2757. If the brother, the sister, and the wife of deceased are his only heirs, the wife gets her inheritance in the manner which will be explained later, and the sister and brother get their inheritance as stated in the foregoing rules. Also, if a woman dies and her only heirs are her sister, her brother and her husband, the husband gets half of the estate, and the sister and the brother inherit as explained earlier.

However, nothing is reduced from the share of maternal brother and sister to provide for the shares of the wife or the husband. But in the case of real brothers and real sisters, or paternal brothers and sisters, their shares may be reduced.

For example, if the heirs of deceased are her husband, maternal brother and sister, and real brother and sister, half of the estate will go to the husband, and one part out of the three parts of the original estate will be given to the maternal brother and sister, and whatever remains will be the property of the real brother and sister. Hence, if the total estate of the deceased is $6, $3 goes to the husband, $2 are taken by the maternal brother and sister, and $1 will be the share of the real brother and sister.

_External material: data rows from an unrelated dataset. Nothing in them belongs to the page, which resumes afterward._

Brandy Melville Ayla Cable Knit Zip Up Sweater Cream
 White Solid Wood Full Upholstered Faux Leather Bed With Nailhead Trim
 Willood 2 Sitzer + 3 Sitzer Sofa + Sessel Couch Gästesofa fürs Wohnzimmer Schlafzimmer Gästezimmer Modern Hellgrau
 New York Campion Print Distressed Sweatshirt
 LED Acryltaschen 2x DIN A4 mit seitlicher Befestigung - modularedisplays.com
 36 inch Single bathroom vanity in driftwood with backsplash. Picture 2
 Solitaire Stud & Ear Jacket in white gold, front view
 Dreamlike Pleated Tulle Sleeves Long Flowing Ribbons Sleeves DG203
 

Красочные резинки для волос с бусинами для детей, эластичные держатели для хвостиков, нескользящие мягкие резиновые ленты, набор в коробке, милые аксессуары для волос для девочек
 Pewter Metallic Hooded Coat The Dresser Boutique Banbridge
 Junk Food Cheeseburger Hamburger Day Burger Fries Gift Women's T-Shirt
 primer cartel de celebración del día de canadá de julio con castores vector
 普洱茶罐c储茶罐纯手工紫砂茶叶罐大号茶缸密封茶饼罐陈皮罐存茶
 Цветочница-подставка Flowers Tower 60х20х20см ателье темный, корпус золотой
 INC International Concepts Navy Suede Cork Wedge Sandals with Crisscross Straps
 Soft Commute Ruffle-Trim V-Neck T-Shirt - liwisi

2758. If deceased does not have sister and brother, their share of the inheritance is given to their descendants, and the share of maternal brother's child and maternal sister's child will be divided among them equally. And as for the share of the paternal brother's child and paternal sister's child, or real brother's child and real sister's child, the commonly held principle is that every son gets twice as much as the daughter, but it may be true that they too may get equal shares. Therefore, it is better that they should resort to a compromise.

2759. If the heir of the deceased is only one grandfather or one grandmother, regardless of whether they are paternal or maternal, the entire estate goes to them, and the great grandfather of the deceased does not inherit in the presence of the grandfather.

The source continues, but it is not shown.